Descriptives for within-person variables are presented in Table 2, and within-person correlations among daily measures are reported in Figure S1 in the online supplemental materials. In total, 89% of possible daily surveys were completed, for a total of 1,524 daily surveys. ICCs ranged from .29 (suicidal ideation severity) to .46 (hopelessness). Intraclass correlations reflect the percentage of variance in a repeated outcome that is attributable to trait-like (between-person) stable individual differences. Higher intraclass correlations indicate more stability in a repeated measure within an individual, while lower intraclass correlations reflect greater within-person variability. Thus, our outcomes contained both between- and within-person variance, with the majority of the variance at the within-person level.
Plotting Symptoms Across the Cycle
First, we plotted mean person-standardized variables for daily ASIQ suicidal ideation across menstrual cycle phase (Figure 1) and across menstrual cycle day (Figure 2). Person-standardized DRSP affective variables across cycle day are presented in Figure 3. (Note: Worthlessness/Guilt and Interpersonal Conflict are not pictured but show highly similar patterns to Depressed Mood and Anger/Irritability, respectively.) In all figures, lines connecting two phases indicate a significant phase difference in that outcome.
Figure 1.

Cyclical Fluctuations in Suicidal Ideation Severity Across Menstrual Cycle Phase Among 38 Female Recruited for Past-Month Suicidal Ideation
Figure 2.

Cyclical Fluctuations in Suicidal Ideation Severity Across Menstrual Cycle Day Among 38 Female Recruited for Past-Month Suicidal Ideation
Note. Day 1 represents the onset of menses.

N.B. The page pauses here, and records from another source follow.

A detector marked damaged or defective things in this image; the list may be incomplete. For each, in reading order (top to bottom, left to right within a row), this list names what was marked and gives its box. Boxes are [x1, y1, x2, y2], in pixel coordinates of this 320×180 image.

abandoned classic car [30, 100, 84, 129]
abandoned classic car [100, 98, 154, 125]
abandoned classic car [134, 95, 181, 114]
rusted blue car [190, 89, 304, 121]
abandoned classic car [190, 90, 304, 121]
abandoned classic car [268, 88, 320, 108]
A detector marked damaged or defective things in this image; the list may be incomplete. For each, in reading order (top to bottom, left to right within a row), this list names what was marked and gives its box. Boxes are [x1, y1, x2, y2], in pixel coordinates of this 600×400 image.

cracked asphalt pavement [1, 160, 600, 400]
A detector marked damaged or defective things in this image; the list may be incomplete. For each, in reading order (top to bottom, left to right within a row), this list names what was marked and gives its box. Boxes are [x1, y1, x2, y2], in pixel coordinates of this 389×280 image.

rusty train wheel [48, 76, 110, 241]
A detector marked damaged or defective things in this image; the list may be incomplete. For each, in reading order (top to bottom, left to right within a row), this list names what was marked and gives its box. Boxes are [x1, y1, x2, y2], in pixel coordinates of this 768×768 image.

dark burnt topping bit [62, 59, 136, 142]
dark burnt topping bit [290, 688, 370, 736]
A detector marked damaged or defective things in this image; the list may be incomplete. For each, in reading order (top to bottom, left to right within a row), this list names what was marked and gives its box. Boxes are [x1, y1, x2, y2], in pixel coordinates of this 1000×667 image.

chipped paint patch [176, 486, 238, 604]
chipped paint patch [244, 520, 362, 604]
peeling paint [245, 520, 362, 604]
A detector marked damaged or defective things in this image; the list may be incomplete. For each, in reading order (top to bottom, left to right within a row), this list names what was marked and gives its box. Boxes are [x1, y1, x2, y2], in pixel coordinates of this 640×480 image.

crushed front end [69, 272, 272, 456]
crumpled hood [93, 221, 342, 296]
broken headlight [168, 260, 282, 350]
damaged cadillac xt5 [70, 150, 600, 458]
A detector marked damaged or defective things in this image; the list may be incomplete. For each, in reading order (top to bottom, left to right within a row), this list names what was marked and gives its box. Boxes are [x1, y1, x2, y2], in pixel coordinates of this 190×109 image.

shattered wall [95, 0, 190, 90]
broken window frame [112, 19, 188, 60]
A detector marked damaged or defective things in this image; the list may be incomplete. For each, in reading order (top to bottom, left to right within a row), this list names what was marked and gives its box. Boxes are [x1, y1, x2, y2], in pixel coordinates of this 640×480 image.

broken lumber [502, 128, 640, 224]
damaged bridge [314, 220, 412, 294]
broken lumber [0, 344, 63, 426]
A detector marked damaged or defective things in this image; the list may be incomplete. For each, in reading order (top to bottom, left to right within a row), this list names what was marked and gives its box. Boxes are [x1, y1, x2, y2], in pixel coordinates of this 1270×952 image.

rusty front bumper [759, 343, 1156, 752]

See the online article for the color version of the figure.
Figure 3.

Cyclical Fluctuations in DRSP Core Affective Symptoms Across the Menstrual Cycle Among 38 Female Recruited for Past-Month Suicidal Ideation
Note. DRSP = Daily Record of Severity of Problems. See the online article for the color version of the figure.

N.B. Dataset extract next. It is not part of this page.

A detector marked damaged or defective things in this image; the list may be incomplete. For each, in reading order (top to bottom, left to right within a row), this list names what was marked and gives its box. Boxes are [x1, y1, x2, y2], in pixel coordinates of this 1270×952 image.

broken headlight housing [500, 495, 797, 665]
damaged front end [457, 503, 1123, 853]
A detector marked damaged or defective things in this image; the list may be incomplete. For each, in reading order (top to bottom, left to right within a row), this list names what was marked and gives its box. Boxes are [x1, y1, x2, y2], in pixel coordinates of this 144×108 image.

Using the C-PASS to Diagnose PMDD and Perimenstrual Exacerbation
We used the C-PASS to determine whether any of our participants met criteria for PMDD on any core emotional (DRSP1–8) symptom in any cycle. No participant met C-PASS PMDD pattern criteria for any core emotional symptom (DRSP1–8; Eisenlohr-Moul et al., 2018). When the C-PASS perimenstrual exacerbation criteria were applied—that is, when absolute clearance was no longer required, six participants (15.7%) met C-PASS criteria on at least one core emotional symptom in one cycle.
Since studies show considerable interindividual differences in the timing of premenstrual emotional symptoms (Eisenlohr-Moul et al., 2019), we further examined whether a higher number might meet C-PASS perimenstrual exacerbation criteria when more flexible definitions of high- and low-risk cycle phases were utilized. When the typical C-PASS premenstrual (−7 to −1) symptom mean was replaced with the maximum mean of the high-risk (midluteal, premenstrual, and perimenstrual) phases, and the typical C-PASS postmenstrual (4–10) symptom mean was replaced with the minimum mean of the low-risk (postmenstrual, midfollicular, and periovulatory) phases, 23 participants (60.53%) met criteria for perimenstrual exacerbation on at least one symptom in one cycle. Therefore, there was evidence at the individual level for cyclicity in the sample, although the timing of these symptoms did not always fit neatly into typical DSM-5 PMDD diagnostic windows (i.e., week before menses and week after menses). These percentages can be compared with the ~5.5% prevalence of PMDD in the general population (Gehlert et al., 2009) and the ~60% prevalence of perimenstrual exacerbation in females with depressive disorders (Hartlage et al., 2004).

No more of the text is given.